Guide · AI Platform Integration

MCP servers with Google Gemini

Google Gemini supports function calling through the google-genai Python SDK. MCP servers connect to Gemini through a two-step adapter pattern: convert MCP tool definitions from tools/list into Gemini FunctionDeclaration objects, run the model, dispatch any FunctionCall responses to the MCP server via tools/call, and loop. Alternatively, the Google Agent Development Kit (ADK) — Google's orchestration framework for multi-agent systems — has a native MCPToolset class that handles the adapter pattern for you. Both approaches have distinct tradeoffs: the google-genai loop gives you full control; the ADK gives you managed orchestration, session memory, and multi-agent routing. In both cases, the MCP server runs independently and needs its own monitoring.

TL;DR

Convert MCP tools to types.FunctionDeclaration objects and pass them in types.Tool(function_declarations=[...]). Loop on response.function_calls: dispatch each to the MCP server via session.call_tool(), inject results as types.FunctionResponse parts, call the model again. For managed orchestration, use Google ADK's MCPToolset(connection_params=...) instead of building the loop yourself. Monitor MCP servers with AliveMCP — Gemini's function calling loop surfaces MCP server failures as empty tool results or exceptions, neither of which identifies the failure source clearly.
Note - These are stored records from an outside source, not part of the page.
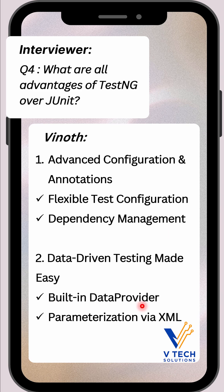Then built-in data provider. The data-driven concept can be implemented using the @DataProvider annotation, allowing us to feed multiple parameters or values into a single test method without any external libraries. That is very important.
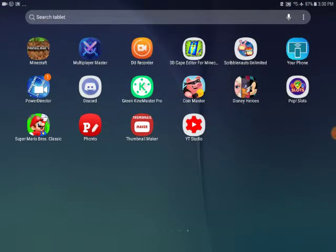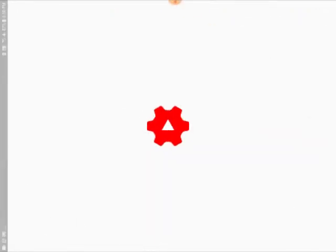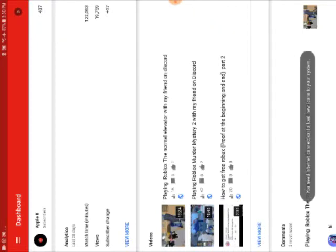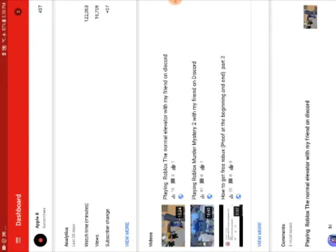You can download this app called YT Studio, which is actually YouTube Studio. As you can see, this is what you can do, and to make the thumbnail...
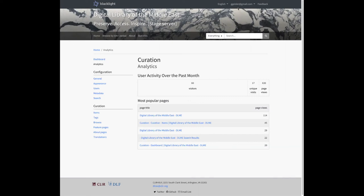So I think that wraps up this final demo for the DLME work cycle. Thanks for watching and look for the relaunch of the DLME site in spring of 2020.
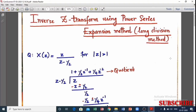Hi all! In this session, we will be discussing how to find the inverse Z-transform using the power series expansion method, or long division method. The question is: X(z) equals z divided by (z minus 1/2), for |z| greater than 1. We need to find the causal signal inverse, and also find the non-causal and double-sided signals.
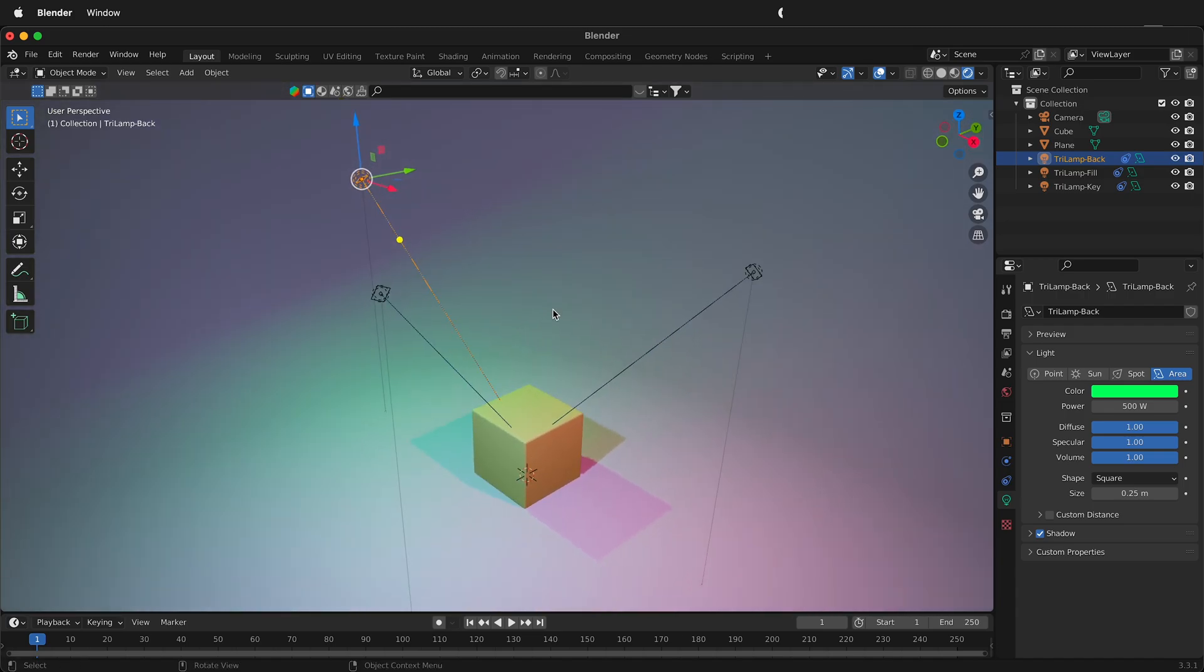So hopefully you can use this to make tri lights in your setup and quickly make renders of objects that you have in Blender. Happy 3D modeling!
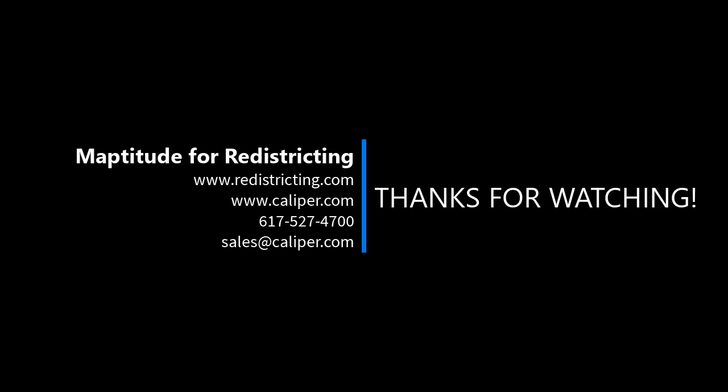To learn more about Maptitude for Redistricting, please visit www.redistricting.com or www.caliper.com or contact Caliper Sales at 617-527-4700.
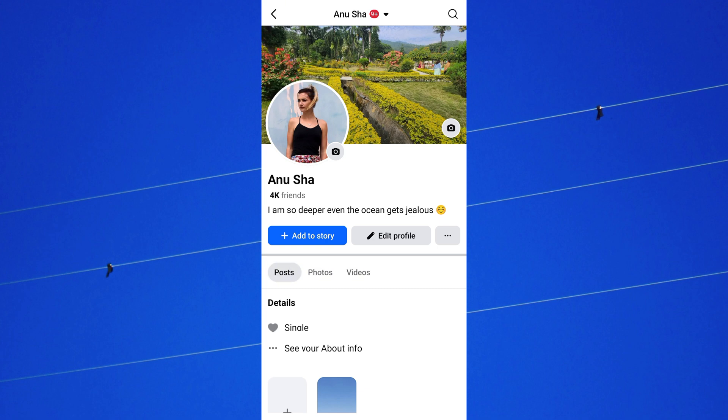Do you want to change your profile picture on Facebook without posting? You can set your Facebook profile picture without posting with just a few simple steps.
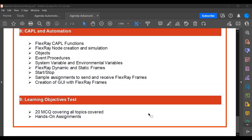One important point: after completing every module, there will be a compulsory test or evaluation for each participant, as well as hands-on assignments that will be evaluated. At the end of each module, we evaluate participants and assess where they stand. If there is any gap in knowledge acquisition, we address it with additional effort.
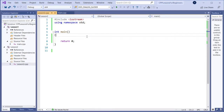Hello everybody! In this video we will continue learning how to print on the screen, and at the end of the video we will learn what is a variable, how to use a variable, and how to use a variable to print on the screen and do some calculations. So we will learn a new thing: variables.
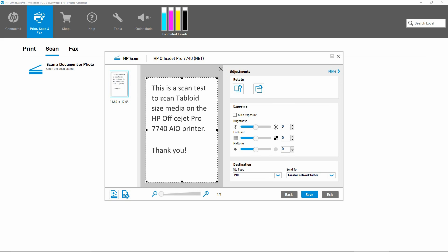You will see now that it will scan the entire tabloid document on the scan glass.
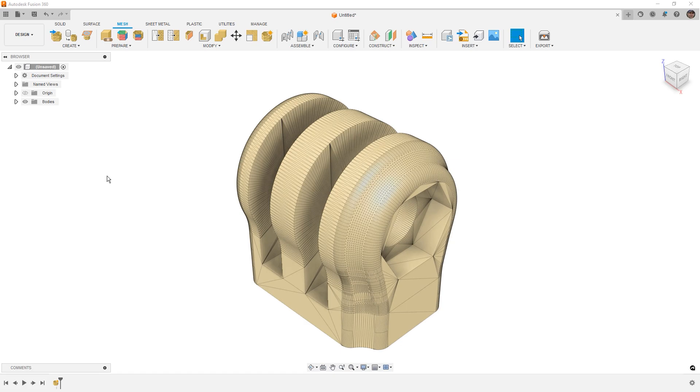Hey everyone, in this video we're going to take a look at how we can work with imported mesh files, creating our own new geometry, adding them to the mesh body, and ultimately being able to export and 3D print them.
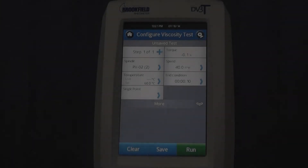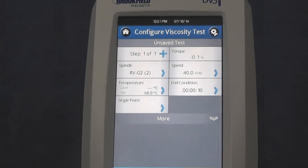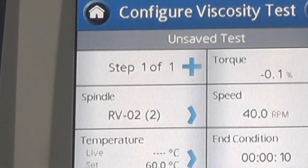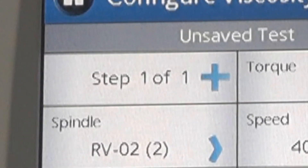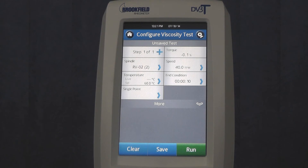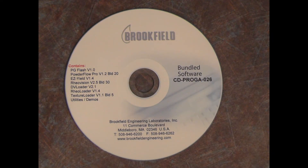The second way to change the speed during a test is to set up a multi-step program. The DV3T can create multi-step programs directly from the instrument, while the DV2T would need to use the free software PG Flash.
MCP to Gemini FunctionDeclaration conversion

Gemini's function calling uses FunctionDeclaration objects with a JSON Schema parameter definition. The conversion from MCP's inputSchema is direct — both use JSON Schema — but Gemini expects parameters nested under a properties key with explicit type: "object":

from google import genai
from google.genai import types
from mcp import ClientSession
from mcp.client.http import http_client

def mcp_tools_to_gemini(tools) -> list[types.FunctionDeclaration]:
    """Convert MCP tool definitions to Gemini FunctionDeclaration objects."""
    declarations = []
    for tool in tools:
        # MCP inputSchema is already JSON Schema — use it directly
        schema = tool.inputSchema or {"type": "object", "properties": {}}
        declarations.append(
            types.FunctionDeclaration(
                name=tool.name,
                description=tool.description or f"Call {tool.name}",
                parameters=schema,
            )
        )
    return declarations

Gemini is strict about JSON Schema validity in FunctionDeclaration. If an MCP tool's inputSchema uses JSON Schema features that Gemini doesn't support (like anyOf, oneOf, or $ref), the API returns a 400 error with a schema validation message. Flatten complex schemas before converting — expand anyOf into description text and inline $ref definitions. The MCP server tool design guide covers schema simplification patterns that work well across all LLM platforms.

Function calling loop with MCP

import asyncio
from google import genai
from google.genai import types
from mcp import ClientSession
from mcp.client.http import http_client

MCP_URL = "https://search.internal/mcp"
client = genai.Client(api_key="YOUR_GEMINI_API_KEY")

async def run_gemini_agent(question: str) -> str:
    async with http_client(MCP_URL) as (read, write):
        async with ClientSession(read, write) as session:
            await session.initialize()

            tools_result = await session.list_tools()
            gemini_tools = [
                types.Tool(
                    function_declarations=mcp_tools_to_gemini(tools_result.tools)
                )
            ]

            contents = [types.Content(
                role="user",
                parts=[types.Part(text=question)]
            )]

            # Agentic loop
            while True:
                response = await client.aio.models.generate_content(
                    model="gemini-2.0-flash",
                    contents=contents,
                    config=types.GenerateContentConfig(
                        tools=gemini_tools,
                        temperature=0,
                    ),
                )

                # Append model response to conversation
                contents.append(response.candidates[0].content)

                function_calls = response.function_calls
                if not function_calls:
                    # No tool calls — final response
                    return response.text

                # Dispatch all function calls to MCP server in parallel
                tool_results = await asyncio.gather(*[
                    dispatch_to_mcp(session, fc)
                    for fc in function_calls
                ], return_exceptions=True)

                # Inject results back into conversation
                result_parts = []
                for fc, result in zip(function_calls, tool_results):
                    if isinstance(result, Exception):
                        response_data = {"error": str(result)}
                    else:
                        response_data = {"result": result}
                    result_parts.append(
                        types.Part(function_response=types.FunctionResponse(
                            name=fc.name,
                            response=response_data,
                        ))
                    )
                contents.append(types.Content(role="user", parts=result_parts))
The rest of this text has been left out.